• [YOUR OBJECTIVE]: Only the lines from the one containing "iPad Pro 11" through the final line below belong in the output, copied exactly and without pictures.

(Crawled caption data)
# # #
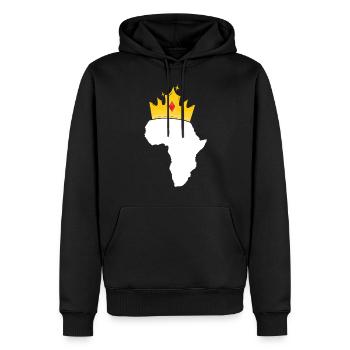 African King TShirt pour Homme Garçon Africa Crown - Sweat à capuche Premium bio Homme - noir - Devant - Nico (187cm)
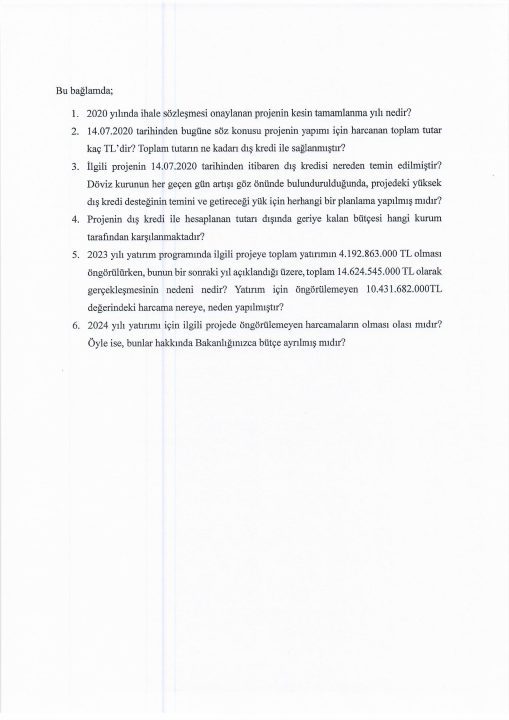 T.C. Ulaştırma ve Altyapı Bakanı’na Sorduk!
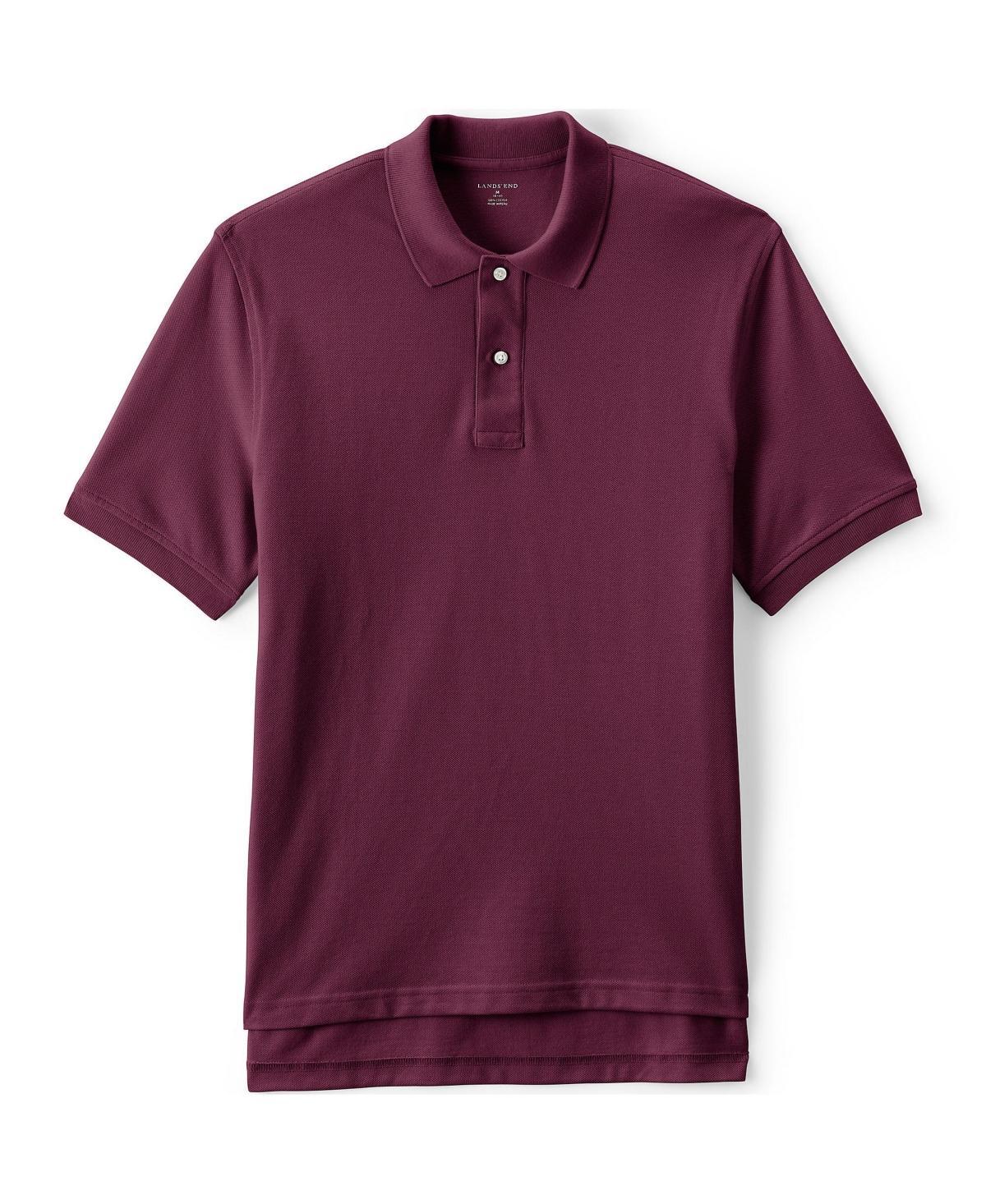 Lands End Mens School Uniform Short Sleeve Mesh Polo Shirt Product Image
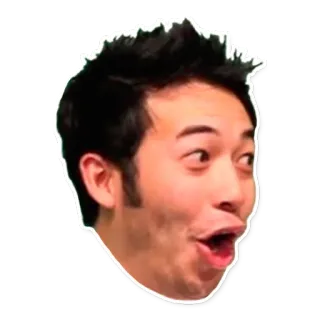 😱 pog, emot, game, twitch, kaget, reaksi whatsapp sticker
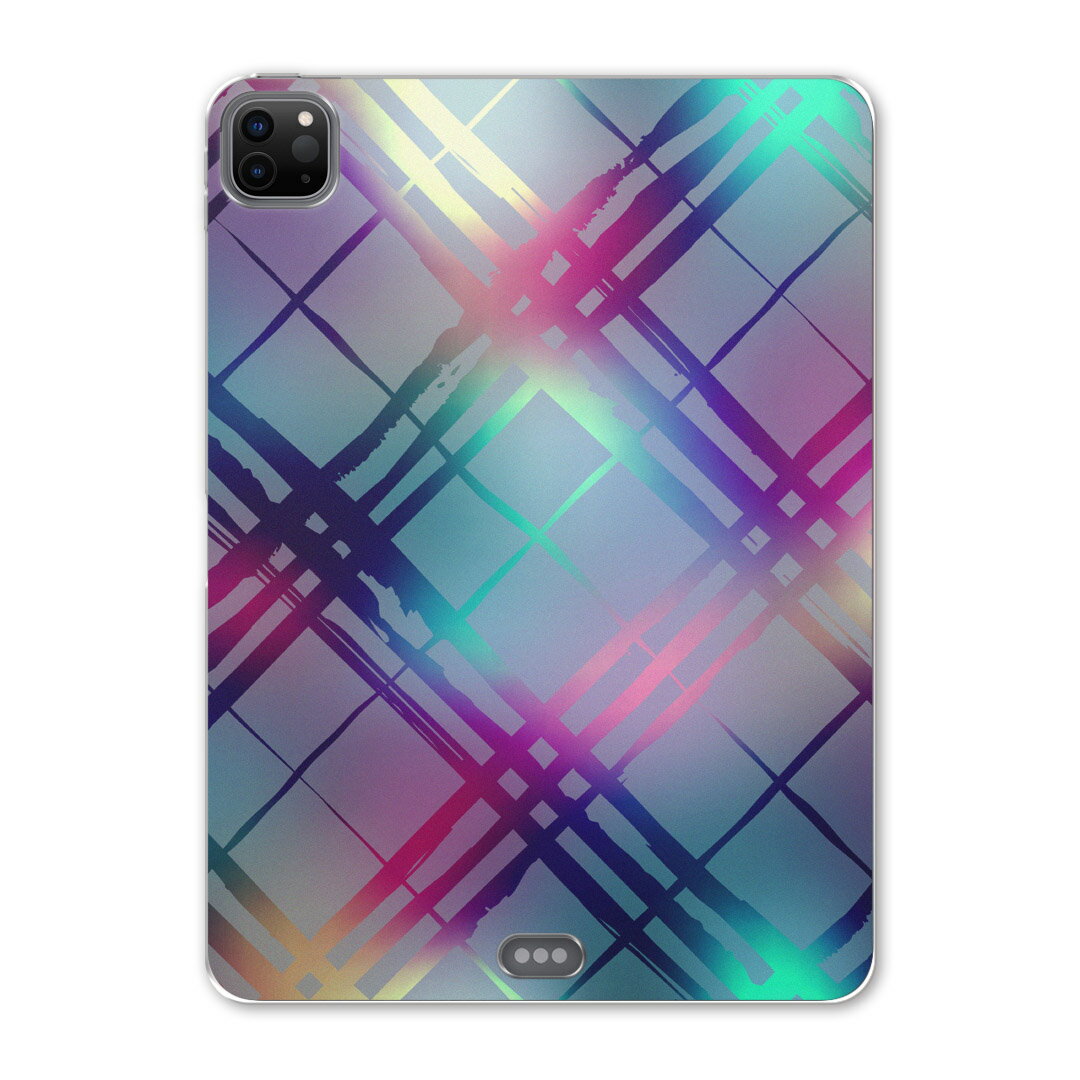 iPad Pro 11 第2世代 2020年版 用 ケース ソフト TPUケース A2228 A2068 A2230 対応 タブレットケース タブレットカバー 008767 クール チェック カラフル 模様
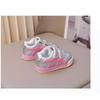 Children's Forrest Gump Shoes Girls Spring and Autumn Soft-soled Non-slip Shoes Baby Toddler Anti-kick Shoes Leather Board Shoes Sequins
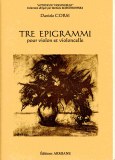 Tre Epigrammi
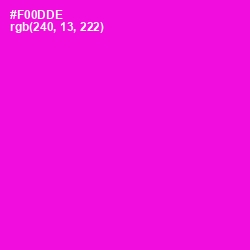 #F00DDE - Purple Pizzazz Color Image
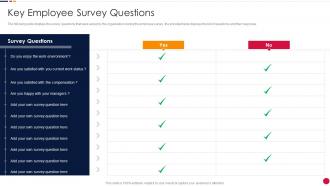Key Employee Survey Questions Organization Attrition Rate Management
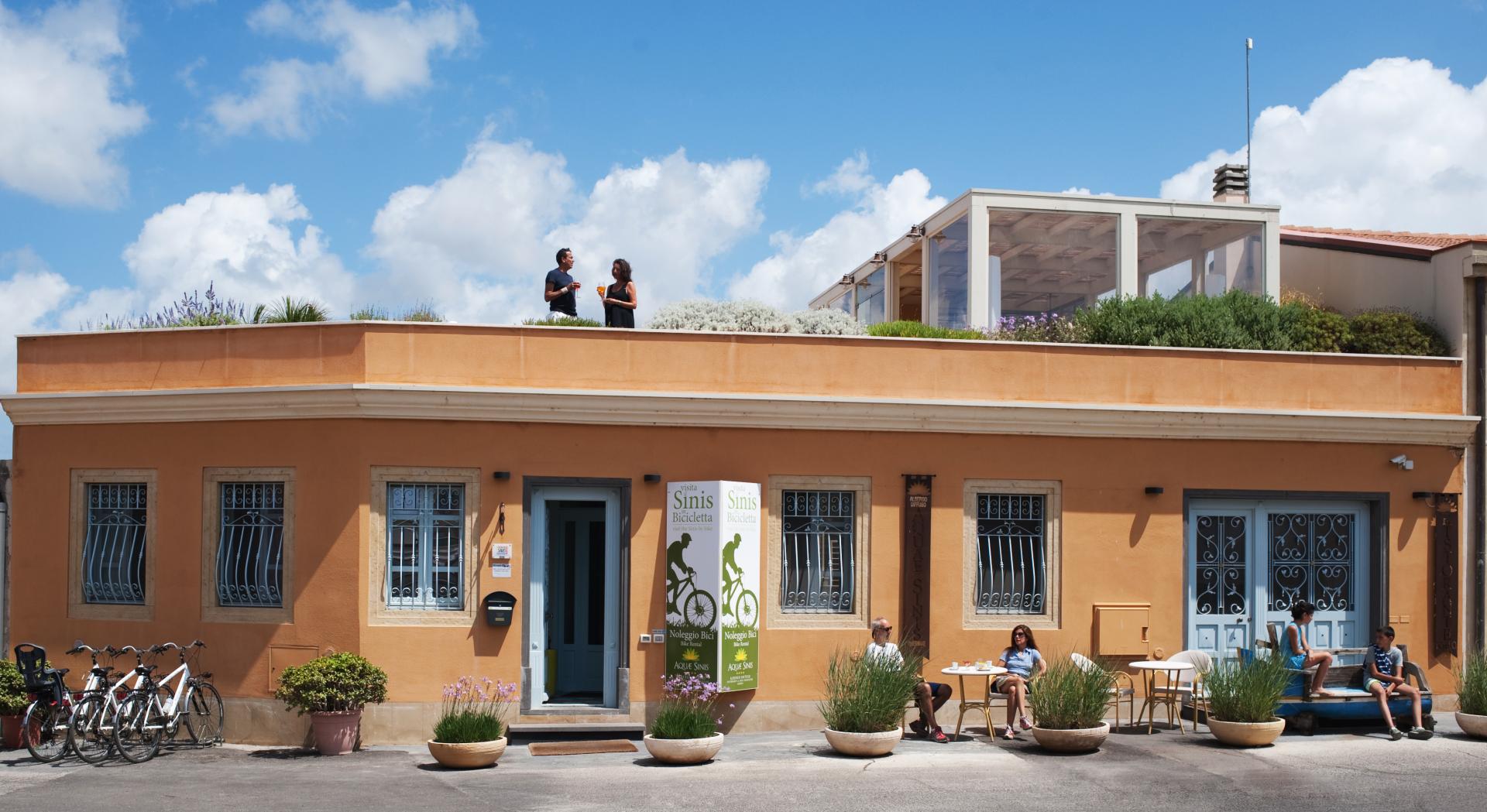 Binnenplaats — Aquae Sinis Albergo Diffuso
# # #
• [EXERCISE RESULT]:
 iPad Pro 11 第2世代 2020年版 用 ケース ソフト TPUケース A2228 A2068 A2230 対応 タブレットケース タブレットカバー 008767 クール チェック カラフル 模様
 Children's Forrest Gump Shoes Girls Spring and Autumn Soft-soled Non-slip Shoes Baby Toddler Anti-kick Shoes Leather Board Shoes Sequins
 Tre Epigrammi
 #F00DDE - Purple Pizzazz Color Image
Key Employee Survey Questions Organization Attrition Rate Management
 Binnenplaats — Aquae Sinis Albergo Diffuso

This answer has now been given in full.